India’s Local Phenol Prices Hit Nine-Week High Amid Expanding US Sanctions
Domestic spot phenol prices in India climbed to a nine-week high following the expansion of U.S. sanctions targeting India-based entities allegedly engaged in the purchase and sale of Iran-origin petroleum and petrochemical products, market participants said on Tuesday.
Spot phenol prices at the key western port of Kandla rose to around 87.00-87.50 rupees per kilogram ex-tank, sources said, up by 4.2% from the assessment week ended Oct. 9, OPIS data shows. The level is equivalent to an import parity value of around $890 per metric ton CFR India for product subject to the full 7.5% import duty, or $40-$45/mt higher than last week’s OPIS assessment of $845-$850/mt CFR India on the same duty basis.
Kandla prices rose amid expectations of short-term supply disruptions and the potential for a reshuffling of market participants. Prices were last higher in mid-August, according to OPIS data, after the unplanned shutdown at the country’s largest domestic phenol plant in early August drove an 8% week-on-week spike.
On Thursday, the U.S. Department of the Treasury’s Office of Foreign Assets Control expanded its list of Specially Designated Nationals, targeting buyers, shippers, terminal operators and vessels spanning multiple jurisdictions from Asia to the Middle East. Among the newly designated parties are several India-based importers of petrochemicals including phenol and acetone, as OPIS previously reported. This latest action follows a similar announcement by the U.S. Department of State on July 30, which also cited alleged violations of Iran sanctions and named two India-based importers whose portfolios include phenol and acetone.
The immediate aftermath has been disruptive as market participants suspended business dealings with the sanctioned entities. According to a market source, some cargoes that arrived at Kandla at the end of last week had to be promptly resold to non-sanctioned entities after the vessel owner refused to discharge the cargoes into shore tanks leased by the newly designated entities.
Suspended business activities also mean that a large volume of funds have been frozen, leaving customers unable to take delivery of cargoes or secure refunds from the sanctioned importers, a situation that may take up to two months to resolve, another source added.
However, some market participants viewed the departure of several major players as a potentially positive development for the CFR India phenol market.

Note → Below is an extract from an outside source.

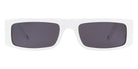 Andy Wolf® Hume Sun ANW Hume Sun C 53 - White/Gray C Sunglasses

“These four, five firms have dominated the phenol and wider petrochemical import business for the past two, three years, pushing smaller importers to the sidelines. Their absence will open up opportunities for compliant importers to enter the business,” said an India-based market participant. “The phenol import business will become more decentralized and we could see some healthy competition return to the market.”
At the same time, India market participants are proceeding with heightened caution, on concern that the OFAC’s SDN list could be further expanded, and as multinationals avoid doing business with the companies already named. Some had seen the initial U.S. Department of State announcement in late July as a signal that broader curbs were on the horizon.
“It could become a situation where every importer will have to be vetted by suppliers,” the first source said.
While the initial price action was positive, some market participants expressed skepticism that the price momentum would last, citing the timing of the latest SDN list. The expected seasonal pick-up in pre-Diwali festival demand is all but over, and prices could come under downward pressure when the sanctioned importers begin liquidating their existing inventories.
One of the importers “is sitting on a lot of inventories of various petrochemical products and there will be pressure on prices when it starts to liquidate cargoes,” the second source said. “It’s best to wait and watch how things develop from here.”
With a domestic nameplate production capacity of 372,000 mt/year, India remains a net importer of phenol, serving as a key outlet for regional producers grappling with rising supply and subdued demand. The country’s phenol imports have averaged about 20,000 mt per month in the first seven months of 2025, according to an industry source, with the bulk of the volumes originating from Southeast Asia.
The widely anticipated festive demand failed to materialize this year, according to some. Typically, demand from the key downstream plywood and laminates sector improves after the end of the annual monsoon in September, as households repaint and refurbish ahead of Diwali, which falls on Monday this year. For three of the past four years, the festival occurred in November, in line with the Hindu lunar calendar. Demand in the fourth quarter is typically subdued, the second source added.
“There is also the worry that if CFR India prices rise to $900/mt, the floodgate will open for imports,” the third source said.
Adding to the uncertain market outlook is the potential return of U.S. phenol exports, which also typically occurs in the fourth quarter as American producers liquidate year-end inventories, some pointed out. Inflows from the U.S. have totaled about 6,700 mt in the first seven months of 2025, according to the industry source.